Tabii ki hayır! Ne kadar iyi tasarlansa bile sohbet robotları insanın yerini dolduramaz nihayetinde insan akıcı ve duygularıyla konuşur. İyi tasarlanan sohbet robotları bizi gerçek bir insan ile sohbet ettiğimizi düşündürebilse de sohbet ilerledikçe karşımızda bir chatbot’un olduğunu anlayabiliriz. Halihazırda Chatbot’un amacı insanın yerine geçmek değil. İnsanların işlerini kolaylaştırmak, tekrarlayan ve sıkıcı görevleri devralmak. Sohbet robotları süreçleri düzene koyup işletmelerin daha verimli olmasını sağlasa da her problemi çözüp ve görevi gerçekleştiremediği için iş yerindeki insanların yerini tamamen alamazlar.
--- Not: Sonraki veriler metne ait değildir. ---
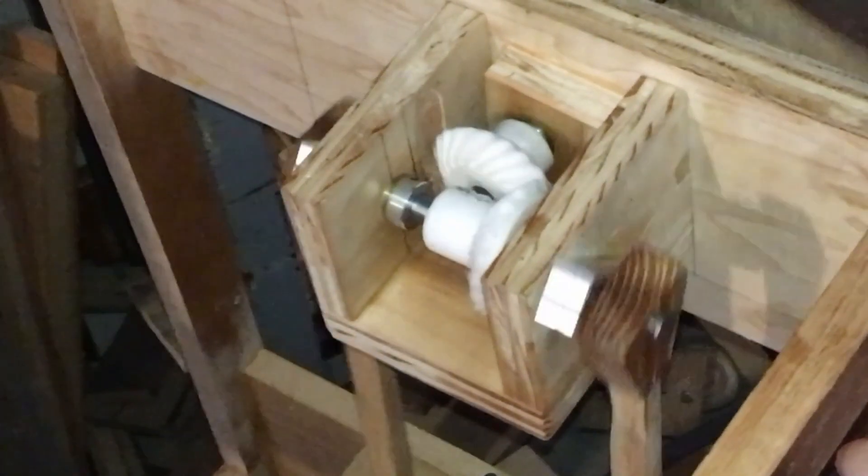Welcome back to the crank organ project. In the previous video I completed the bellows, frame, and crank mechanism and in this video I'll finish everything else.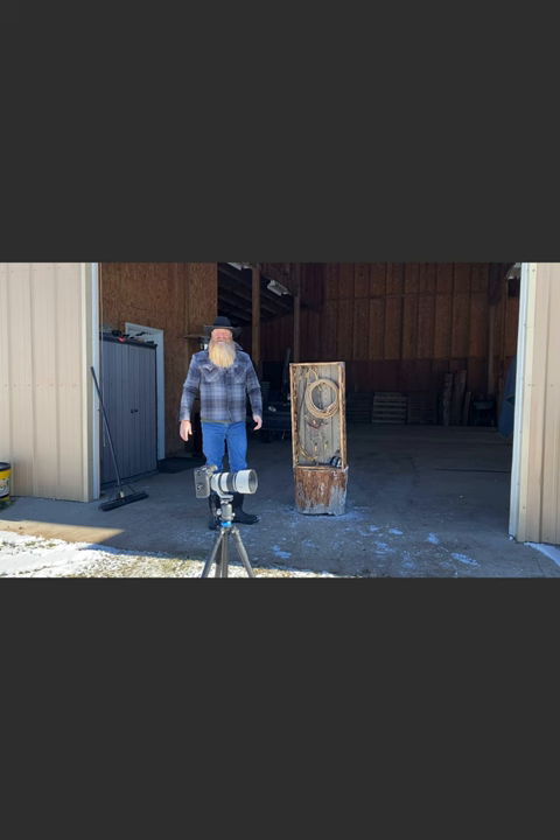All right, you guys, that's it for this part of the video. Now we're going to go into editing and put this all together.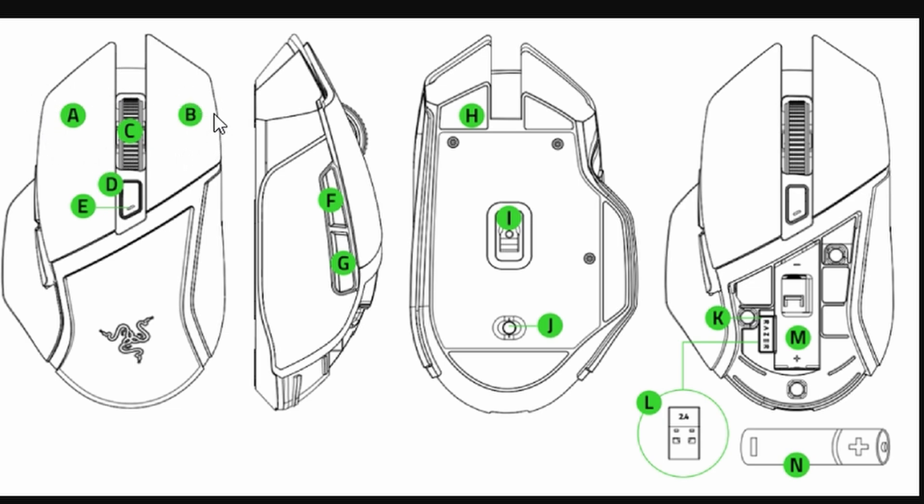Make sure you're pressing and holding firmly without letting go during this time. After seven seconds, release the buttons, and that's it. Your Razer Basilisk mouse should now be reset. Super simple, right?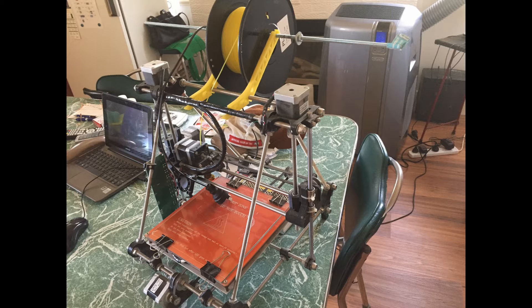Hi guys, today I'll be calibrating my printer to be able to print decent quality prints at the correct size.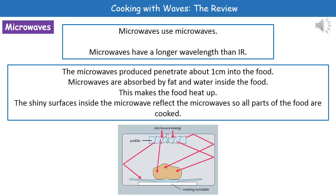The second type of electromagnetic wave we can use to cook our food are microwaves. And microwaves use microwaves — a nice logical name there. If we compare microwaves and infrared, microwaves have a longer wavelength. The way microwaves actually work is that they're produced from one point inside the microwave oven, and they are able to penetrate about one centimetre into the food — so they penetrate further into the food than infrared does.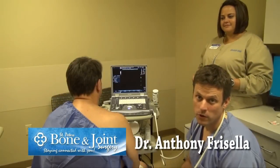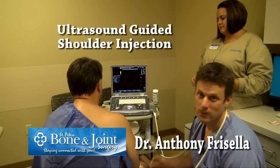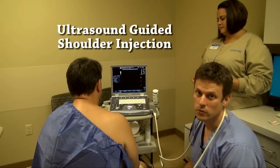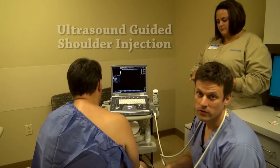Hi, I'm Dr. Anthony Frisella and we're going to be performing an ultrasound guided shoulder injection today. He has some inflammation in his shoulder. We're going to use the ultrasound machine to guide the needle into the correct position in the shoulder for the cortisone injection.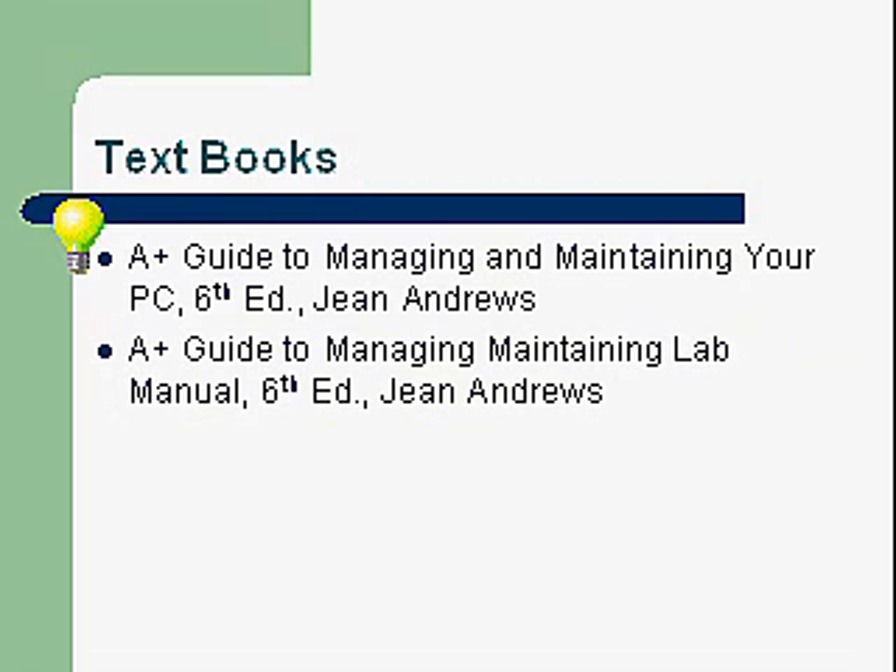The textbooks that we're going to use are the Jean Andrews textbooks. These textbooks are highly recommended and highly rated from the industry — both in the colleges, high schools, the adult programs, and the trade schools. Most all of them use these books.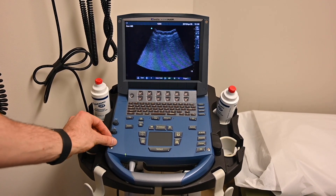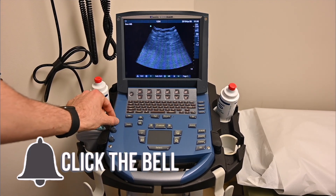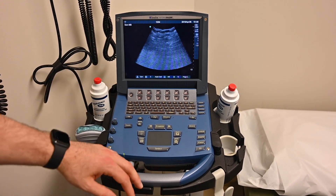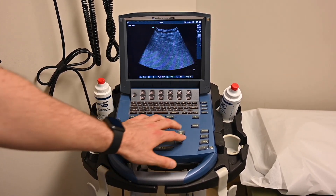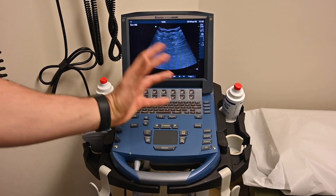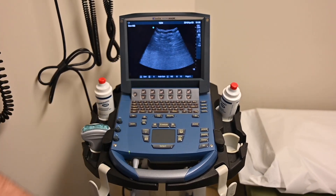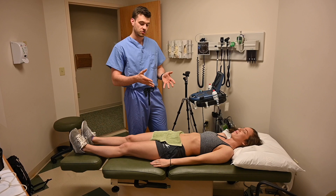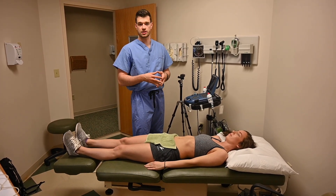There are a lot of functions on this machine. Most often you'll use the total gain knob, a far field gain, and a near field gain — these change the brightness of the image. Many machines today are touchscreen and don't quite look like this. Depth is another important control, changing how deep you're scanning. There are also different modes: color would be for looking at arteries and flow, and M-mode is motion detection. We're going to focus on the basics and the E-FAST, which is what you'll most likely do on an ER rotation. We have Stephanie here as our scanning model.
Müşterilerle olan tüm ilişkilerini Chatbot’a devrederek insanı aradan çıkarmanın riskleri olacağının altını çizmek gerek, daha karmaşık görevler veya komplike durumlar söz konusu olduğunda, sohbet robotları konuyu daha da kötüleştirerek müşteriyi sinirlendirebilir ve kaçırabilir.
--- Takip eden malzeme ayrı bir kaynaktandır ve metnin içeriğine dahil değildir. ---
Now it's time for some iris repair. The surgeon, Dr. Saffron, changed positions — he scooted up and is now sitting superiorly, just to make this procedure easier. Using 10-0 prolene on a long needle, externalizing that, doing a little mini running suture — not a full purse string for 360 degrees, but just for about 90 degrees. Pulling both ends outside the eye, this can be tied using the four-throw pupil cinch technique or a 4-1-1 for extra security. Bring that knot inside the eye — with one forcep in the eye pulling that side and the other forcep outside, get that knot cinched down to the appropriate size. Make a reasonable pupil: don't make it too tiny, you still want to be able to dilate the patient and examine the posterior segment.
Enigma’nın şifresini çözen meşhur İngiliz Bilgisayar bilimcisi Alan Turing’in 1950 yılında “Can Machines Think” (Makineler düşünebilir mi?) sorusu sormuş ve yapay zekâdan bahsetmişti. 10 Türk Lirası kâğıt paranın üzerinde resmi bulunan Selanik doğumlu Ord. Prof. Dr. Cahit Arf 1959 yılı Erzurum’da ki Makine düşünebilir mi ve nasıl düşünebilir? Temalı konferansında ‘’Makinelerin estetik bakımdan da insan beynine benzetileceği ümit edilebilecektir. Böyle bir makine, mesela filan müzik parçasını güzel bulmadığını söyleyebilecektir. Fakat bu işin uzun yüzyıllar sonra bile ve belki de hiçbir zaman yapılamayacağını zannediyorum.” diyerek yapay zekâ hakkında yıllar önce ki tespitlerini paylaşmıştı.
Bu tespitlerden yola çıkarak soralım; Makineler hissedebilir mi? Sevebilir mi? Hayal kurabilir mi?